Abstract:
Use of doravirine (DOR), a new nonnucleoside reverse-transcriptase inhibitors recently approved for HIV treatment, is still unclear in clinical practice and real-life data are scarce. We retrospectively investigated the rationale for switching people with HIV to DOR-containing/-based regimens in a real-life cohort. Among 132 patients (68.9% males, median age 56 years), the main reasons to start DOR were prevention of toxicities (39.4%) and dyslipidemia (18.2%). DOR was combined with integrase inhibitors in 40.9% cases, and in 25.7% of patients, DOR was prescribed without availability of a genotypic resistance test. Twenty-four weeks after the switch to DOR-containing/-based regimens, no significant changes in CD4+ T-cell count, CD4/CD8 ratio, detectable HIV-RNA, serum creatinine levels, and body weight were detected. By contrast, a significant reduction in lipids (both cholesterol and triglycerides) was observed in 52 patients for whom a follow-up assessment was available (P = .008 and .01, respectively). Our data confirmed that switching to DOR-containing/-based regimens may have a favorable impact on lipid profile and a neutral impact on weight gain.
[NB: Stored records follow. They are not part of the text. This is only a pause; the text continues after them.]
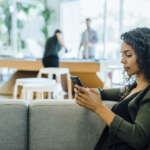 Image of a woman texting on cell phone, accompanying the family law article "Think before you text your ex"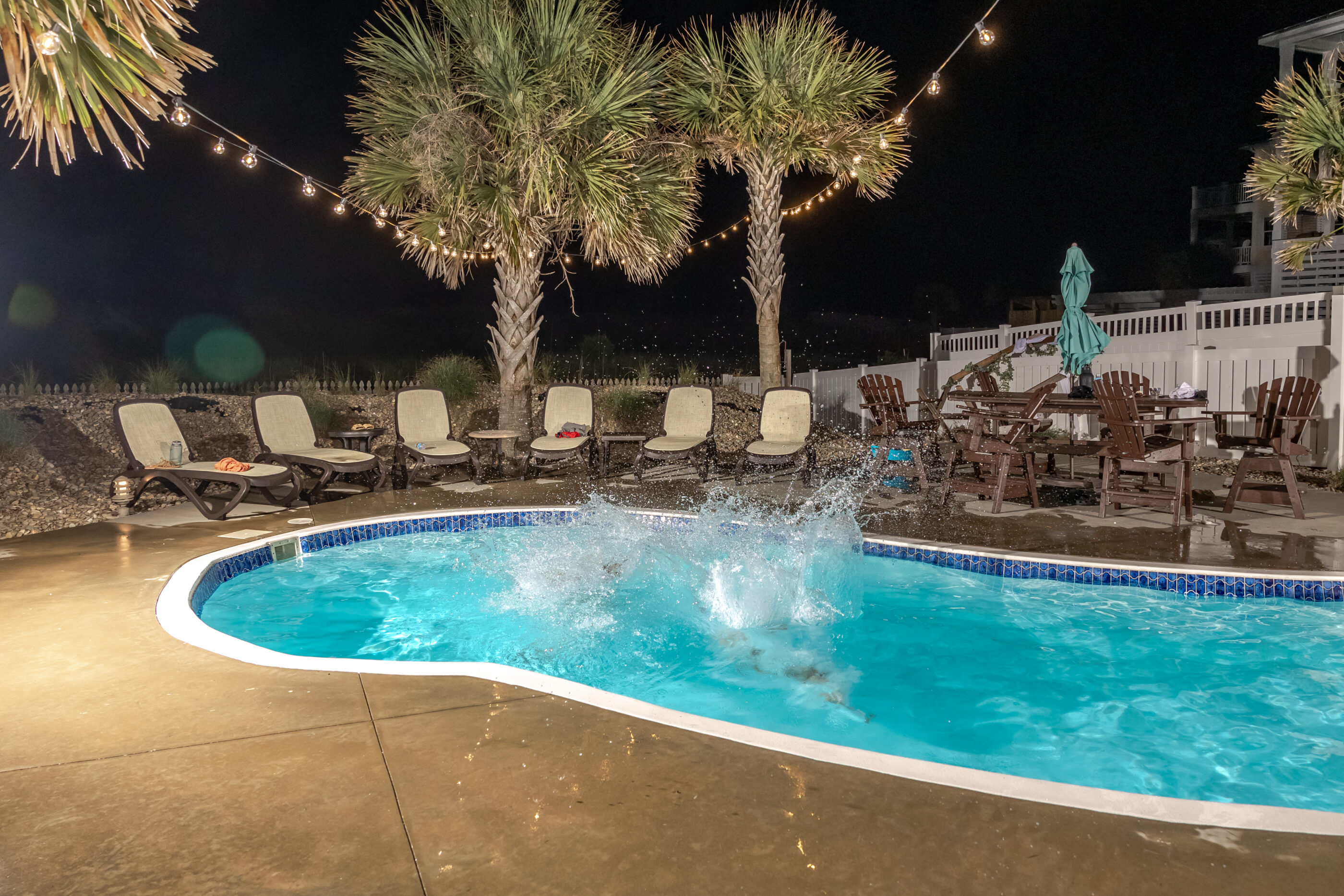 Water splashes in the pool after a wedding couple's jump, leaving only the aftermath visible.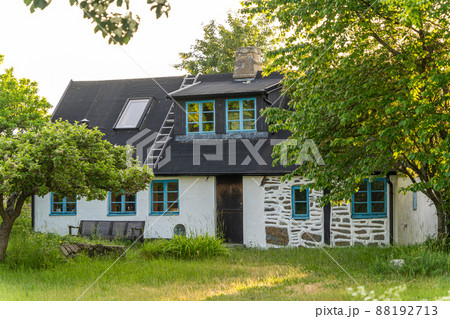 Image of beautiful garden with apple trees, flowers and scandinavian style summer house 88192713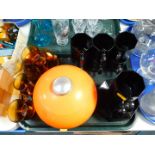 A French orange plastic ice bucket, six amber coloured glass coffee cups and saucers, and eight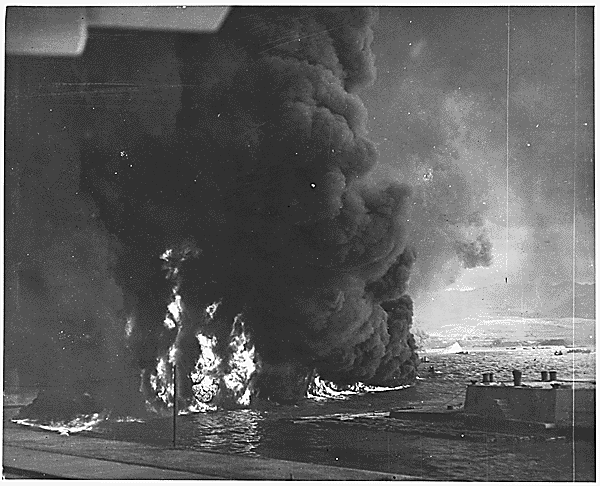 <p>Smoke billowing from oil burning on top of the water around Ford Island. Oil continuously seeped into the ocean from the damaged battleships and was set ablaze by the burning vessels and aerial bombings.</p>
However, more data are needed to support its use in patients who do not have a genotypic test available or have an extensive nonnucleoside reverse-transcriptase inhibitors-associated resistance, as well as its use in a dual regimen, especially in combination with second-generation integrase inhibitors.
摘要:
使用多拉韦林(DOR),一种新的非核苷类逆转录酶抑制剂最近被批准用于HIV治疗,在临床实践中仍不清楚,现实生活中的数据很少。我们回顾性调查了在现实生活队列中将HIV感染者转换为含DOR/基于DOR的治疗方案的理由。132名患者(68.9%为男性,中位年龄56岁),开始DOR的主要原因是预防毒性(39.4%)和血脂异常(18.2%).DOR联合整合酶抑制剂40.9%,在25.7%的患者中,DOR是在没有基因型抗性测试的情况下开出的。改用含DOR/基于DOR的方案后24周,CD4+T细胞计数无显著变化,CD4/CD8比值,可检测的HIV-RNA,血清肌酐水平,检测到体重。相比之下,在有随访评估的52例患者中观察到血脂(胆固醇和甘油三酯)显著降低(分别为P=.008和.01).我们的数据证实,转换为含DOR/基于DOR的方案可能对血脂谱产生有利影响,并对体重增加产生中性影响。然而,需要更多的数据来支持其在没有基因型测试或有广泛的非核苷类逆转录酶抑制剂相关耐药性的患者中的使用,以及它在双重方案中的使用,特别是与第二代整合酶抑制剂联合使用。